A narrow mountain pass in the Dana Biosphere Reserve

In Jordan, the Royal Society for the Protection of Nature (RSPN) was established in 1966 under the patronage of King Hussein bin Talal as a non-governmental organization dedicated to the protection of wildlife and their habitats. Subsequently, the Jordanian government granted the RSPN a mandate to establish and manage nature reserves. In 1974, a delegation from the IUCN and the International Wildlife Conservation Fund (IWCF) visited Jordan with the objective of providing support for the country's wildlife conservation efforts.

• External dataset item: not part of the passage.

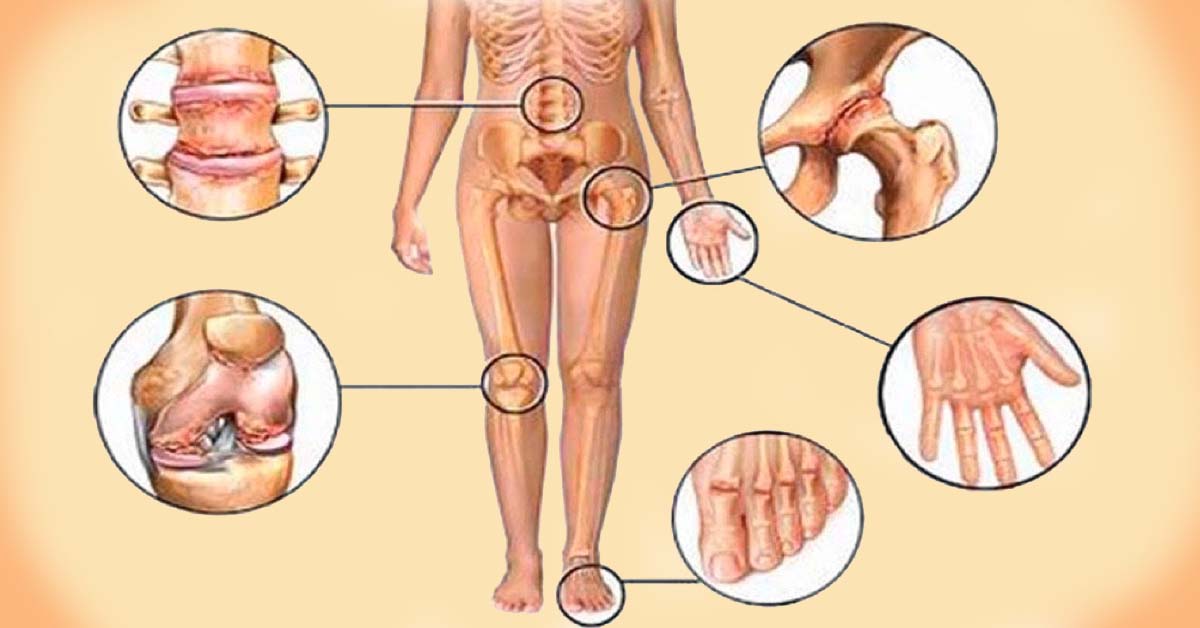 skausmas nuo priežastis ir gydymo tepalas ranka sąnarių artrozė iš alkūnės sąnarių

During this visit, the Shumari Reserve, the first reserve in Jordan, was established with the aim of facilitating the reintroduction of the Arabian oryx to the region. In 1994, the Jordanian government ratified the Convention on Biological Diversity, which was adopted at the Earth Summit in Rio de Janeiro in 1992. This was evidenced by the establishment of the Dana Nature Reserve, which subsequently gained international recognition and was later declared the Dana Biosphere Reserve. In 1997, a study was conducted to review, evaluate, and update a proposed network of reserves. In 2005, a document was prepared for the Jordan Valley Integrated Ecosystem Management Project, which included the establishment of several new proposed reserves. The most prominent Jordanian reserves include, in addition to Dana, the Ajloun Forest Reserve, the Wadi Rum Reserve, and the Azraq Reserve.

There are eight wetlands in the Levant that are listed under the Ramsar Convention on Wetlands of International Importance. These areas are Sabkha al-Jaboul, Ain Afaq, Houla, Azraq, Palm Islands, Tyre Beach, Deir al-Nuriya, and Amik.